Grr. To think that for a second, I felt grateful to the man.

“So why not have coffee with him?” Abigail demands as I’m still processing that he somehow pulled a fast one on me.

I grit my teeth. “Because he’s a jerk, and it was just an excuse to talk to me about buying the team.” As I speak, I turn on the most luxurious item in our place: the tiny cappuccino maker.

Abigail watches me with exasperation. “Look at what you’re doing. You’re even craving coffee. You totally should’ve said yes.”

If craving something were a reason to agree, I’d have two. “I just need caffeine for my lecture on Platonic idealism.”

Abigail snorts. “I don’t care how much you plan to lecture me; I will not agree that keeping things platonic with a man like Mason is ideal.”

Unsure if she’s kidding or not, I can’t help but explain, “According to Plato?—”

“Your right boob or the ancient Greek dude?” she interrupts.

I sigh. It was a mistake to tell her the secret nicknames for my breasts: Plato (on the right) and Socrates (on the Left). I named them thus because my mammary assets are big, and in philosophy, it doesn’t get any bigger than Plato and Socrates.

“I meant Plato the Greek,” I grumble. “He believed that the physical world is not as real as ideas—or forms—are.”

“The dude must’ve been on something,” Abigail says. “Or watched The Matrix one too many times.”

I know this comment is to bait me into geeking out about all the philosophy in The Matrix , so I ignore it. “Things in the real world are mere imitations of the ideal forms. So, for example…” I gesture at the micro-microwave. “Somewhere—don’t ask me where—exists the Platonic ideal for a microwave, and ours is a lousy imitation of that ideal.”
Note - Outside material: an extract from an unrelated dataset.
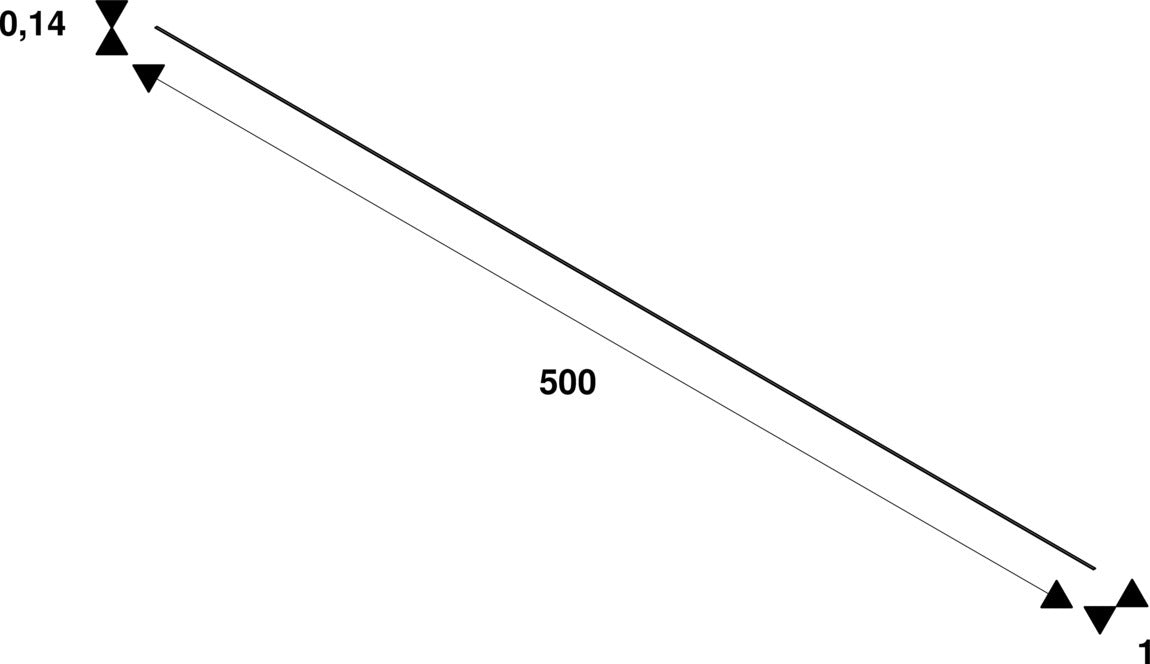 Dimensioned drawing of SLV GRAZIA, LED Strip Core, 6500K, 45W, L: 500 cm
“Which can be said of a microwave inside the Matrix,” Abigail says triumphantly.

I shrug. “Maybe that’s what I’ll learn in the lecture, but I’ll never know unless I’m awake. There’s a reason everyone calls our professor Ambien.”

Finally, she leaves the issue of coffee with Mason alone, and we have breakfast and caffeinate before I rush to my lecture.
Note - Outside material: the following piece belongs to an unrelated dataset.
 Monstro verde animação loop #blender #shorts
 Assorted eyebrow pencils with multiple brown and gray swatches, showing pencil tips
I’m sitting in front of an ice rink, eyes bulging at the sight of the players: all naked as mole rats, but much, much hotter.

Then I spot Mason, and he’s hotter than all his comrades combined, and that’s before I notice his tight fist clenching his hockey stick and his other fist stroking his hard cock.
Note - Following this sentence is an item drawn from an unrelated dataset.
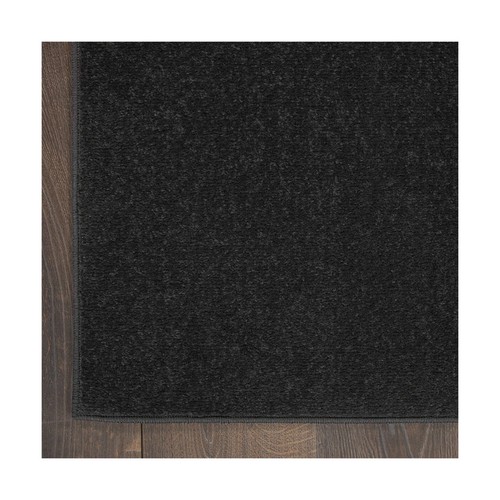 Nourison Essentials Indoor/Outdoor Black 2'2" x 7'6" Area Rug, Easy Cleaning,... - Picture 4 of 8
Everyone around me cheers, as if jointly urging Mason to come.

Meeting my eyes, Mason gives himself an expert stroke and adroitly sends the puck into the opposing team’s goal.

Not sure which stick he used for that, but it turns me on unbearably.

Though I’ve never thought of myself as an exhibitionist, I ignore all the people around me as my hand sneaks into my panties and my finger circles my clit. Once. Twice.

“Sophia!” Mason screams as his strokes intensify. “I’m coming for you, Sophia. Sophia!”

“Sophia?” the voice of Professor Ambien is like a cattle prod poking me in the butt.

Fuck me. Despite the precautionary cappuccino, I’ve still managed to doze off and drool all over my desk.

“Care to tell us in what text the Theory of the Forms was first introduced?” Ambien asks nastily.

I rub my crusty eyes. “ Phaedo ?”

Ambien looks disappointed. “You should thank Zeus for your habit of studying ahead. Class participation is twenty percent of your final grade, and you almost lost it.”

Shouldn’t he invoke Morpheus as his Greek god of choice, seeing how that’s the dream deity and all?

“In any case,” Ambien drones on, “In The Republic , Plato?—”

My eyes become heavy again immediately, so I bite my tongue to stay awake.

The last thing I want is to return to that dream where I saw Mason naked.